En remontant la Sénouire
Dans ces montagnes, l’histoire semble s’écrire au fil de l’eau. La Senouire qui passe sous le pont de Lavaudieu prend sa source plus haut, sur un plateau dont elle hésite à s’échapper après avoir contourné le site où Robert le saint a choisi de bâtir sa première abbaye : La Chaise-Dieu…
La Chaise-Dieu
La masse de l’abbatiale surgit au milieu du village agglutiné sur la colline. La première impression suggère immanquablement le vent d’hiver qui siffle à nos oreilles, furieux de ne pouvoir s’engouffrer dans l’immense vaisseau gothique. Il est vrai que l’on a hâte de pénétrer dans l’église : l’architecture médiévale offre à tout sanctuaire d’être un refuge protecteur. Cependant, contrairement à l’art roman qui l’a précédé, l’art gothique fait jaillir ses colonnes vers des hauteurs qui interdisent tout repli sur soi. Les siècles ont donc veillé à humaniser ces volumes en accumulant un mobilier qui réchauffe l’atmosphère : à La Chaise-Dieu, on se sent bien accueilli…
Et pourtant ! Le piège se referme sur la nonchalance du promeneur : son regard glisse sur les piliers massifs puis, attiré par les boiseries du chœur, il s’alanguit sur les imposantes tapisseries sans trop en discerner les détails chatoyants… lorsque son attention est réveillée par des silhouettes peintes à même la pierre sur un fond rouge sang.
Une curieuse farandole y réunit des personnages de toutes conditions que des squelettes entraînent avec bonne humeur dans un pas de danse aussi saccadé que le cliquetis de leurs os… De l’empereur au paysan, du roi à l’enfant, du pape au moine et au novice, du connétable en armure à son sergent, tous sont ainsi appelés à prévoir la mort qui les attend au terme de cette procession lugubre peinte au collatéral nord de l’abbatiale, soit à l’opposé du soleil, bien entendu ! Quand la nuit s’annonce et que survient le règne de la Lune…
La boucle… bouclée ?
Entre le Rhône et l’Allier, le souvenir des saints Julien et Robert borne un territoire : probablement celui des Arvernes, résistant aux Allobroges installés sur la rive gauche du Rhône. En face de Vienne sur le fleuve, le nom de Saint-Romain-en-Gal rappelle qu’il est le poste-frontière de ces Gaulois récalcitrants de l’Auvergne. Nous venons de traverser ce territoire stratégique où s’est noué la fin d’un empire, celui des Romains, avec une nouvelle culture, celle de la religion chrétienne.

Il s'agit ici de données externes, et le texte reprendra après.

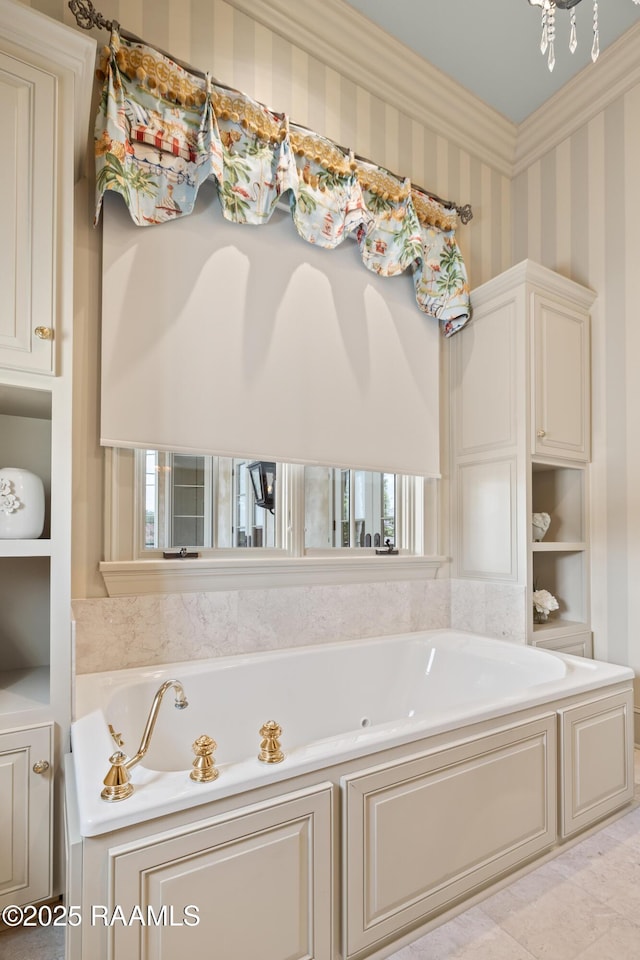 232 Princeton Woods Loop, Lafayette, LA 70508 - full bath with wallpapered walls, a jetted tub, and healthy amount of natural light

Voilà le cadre tracé. Il ne reste plus qu’à trouver comment s’est opéré ce passage entre deux époques de notre grande histoire. Sur ce point encore, les reliques de Julien, décidément fort bavardes, nous éclairent.
Une noble dame espagnole, au retour de la cour de l’empereur Maxime, à Trèves (Allemagne), s’arrêta sur le tombeau de Julien et y fit construire un mausolée. Anecdote bien énigmatique, sauf si l’on sait qu’à cette époque – nous sommes au IVe siècle –, les Wisigoths régnaient depuis le Rhône jusqu’au-delà des Pyrénées. Ces chrétiens “hérétiques” avaient signé une paix durable avec Avitus, l’éphémère empereur de Rome dont le gendre n’était autre que Sidoine Apollinaire, évêque de Clermont. De là à penser que la christianisation de l’Auvergne était en marche, il n’y a qu’un pas. Sauf qu’Avitus fut enterré dans le mausolée de Julien… et les deux bergers Ilpize et Arçon auraient été disciples de Priscillien, hérétique galicien condamné à Trèves, qu’aurait défendu la généreuse donatrice espagnole… Priscillien, que d’aucuns pensent à l’origine du pèlerinage à Saint-Jacques-de-Compostelle. Sous les étoiles, les grandes routes se rejoignent… et les légendes subsistent, réveillées par le reflet de la lune et le souvenir des grands esprits qui scintillent dans les cours d’eau et les fontaines du pays des Arvernes.